[Image-caption web data]
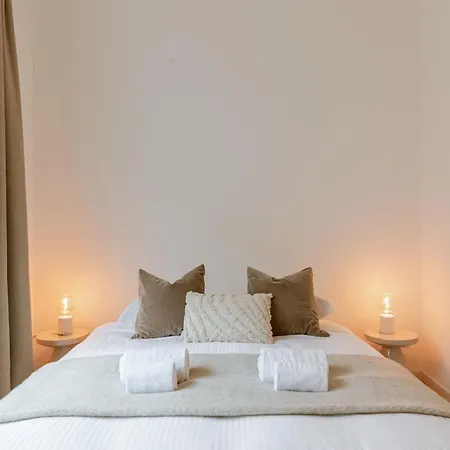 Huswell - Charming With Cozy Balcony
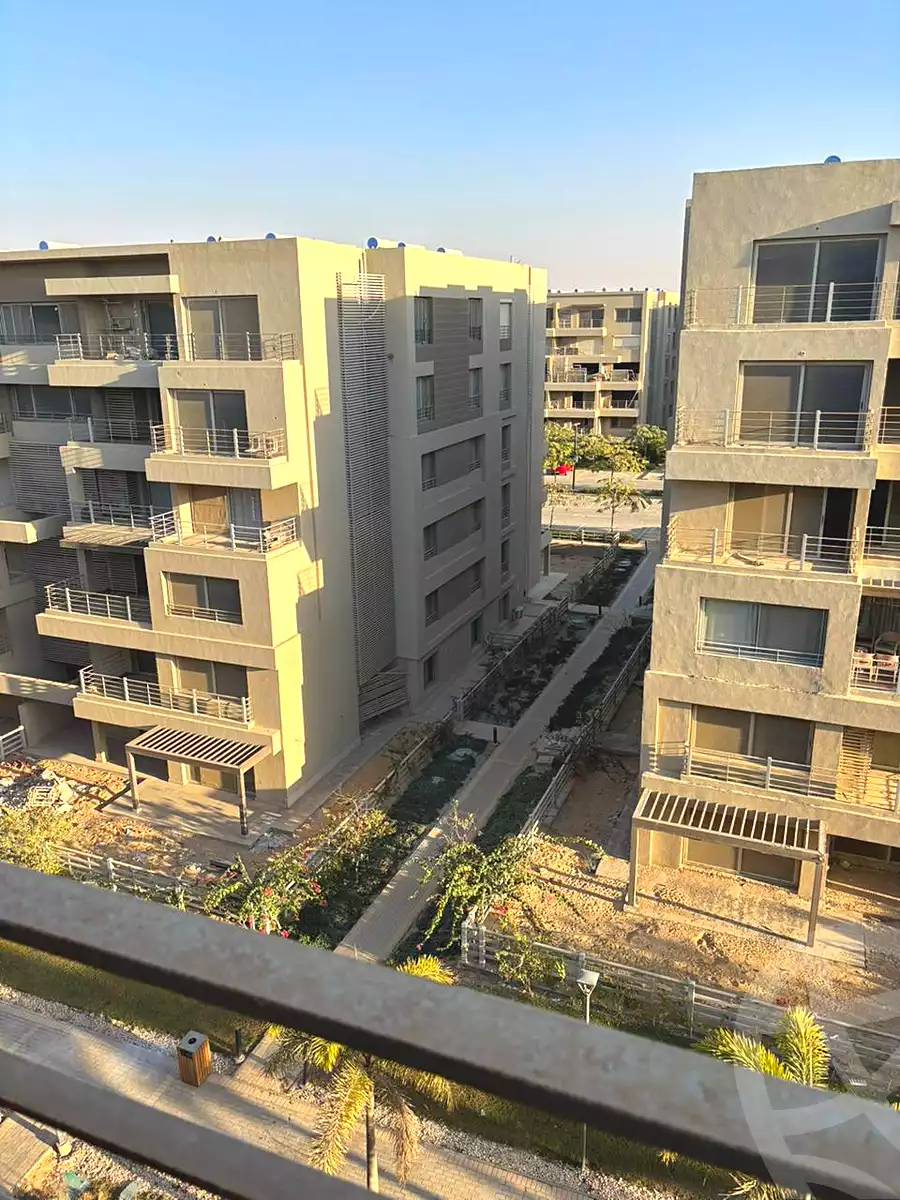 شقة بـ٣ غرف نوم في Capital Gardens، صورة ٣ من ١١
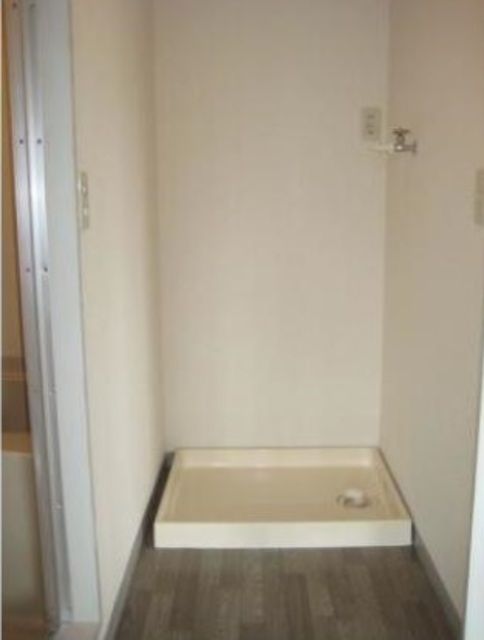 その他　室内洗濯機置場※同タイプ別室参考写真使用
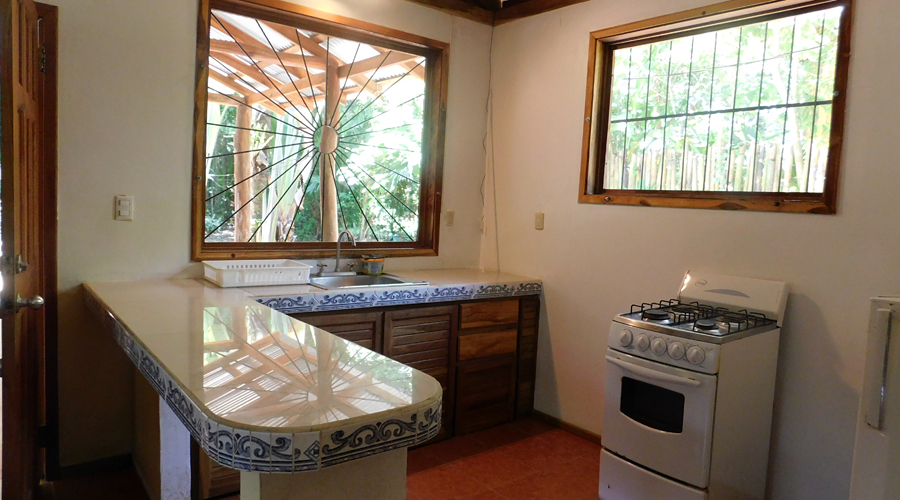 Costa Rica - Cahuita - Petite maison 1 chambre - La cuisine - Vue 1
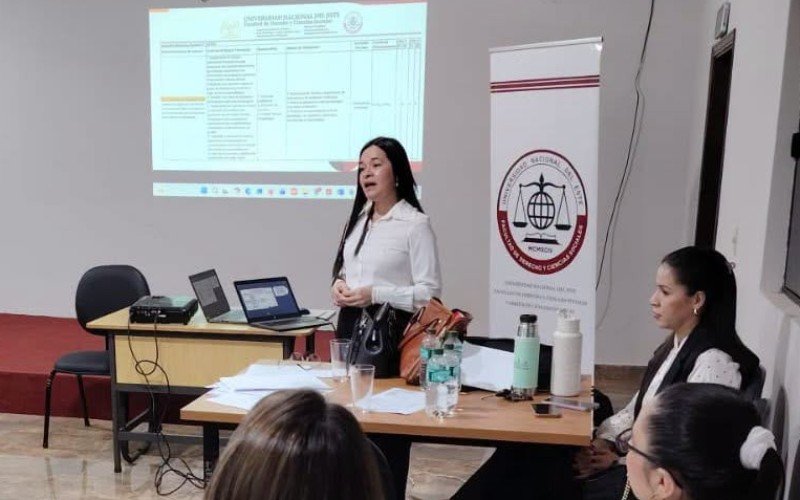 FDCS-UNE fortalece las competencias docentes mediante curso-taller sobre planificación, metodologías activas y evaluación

**Exercise goal**
Output every entry word for word, but omit the pictures.

**The completed task**
 Huswell - Charming With Cozy Balcony
 شقة بـ٣ غرف نوم في Capital Gardens، صورة ٣ من ١١
 その他　室内洗濯機置場※同タイプ別室参考写真使用
 Costa Rica - Cahuita - Petite maison 1 chambre - La cuisine - Vue 1
 FDCS-UNE fortalece las competencias docentes mediante curso-taller sobre planificación, metodologías activas y evaluación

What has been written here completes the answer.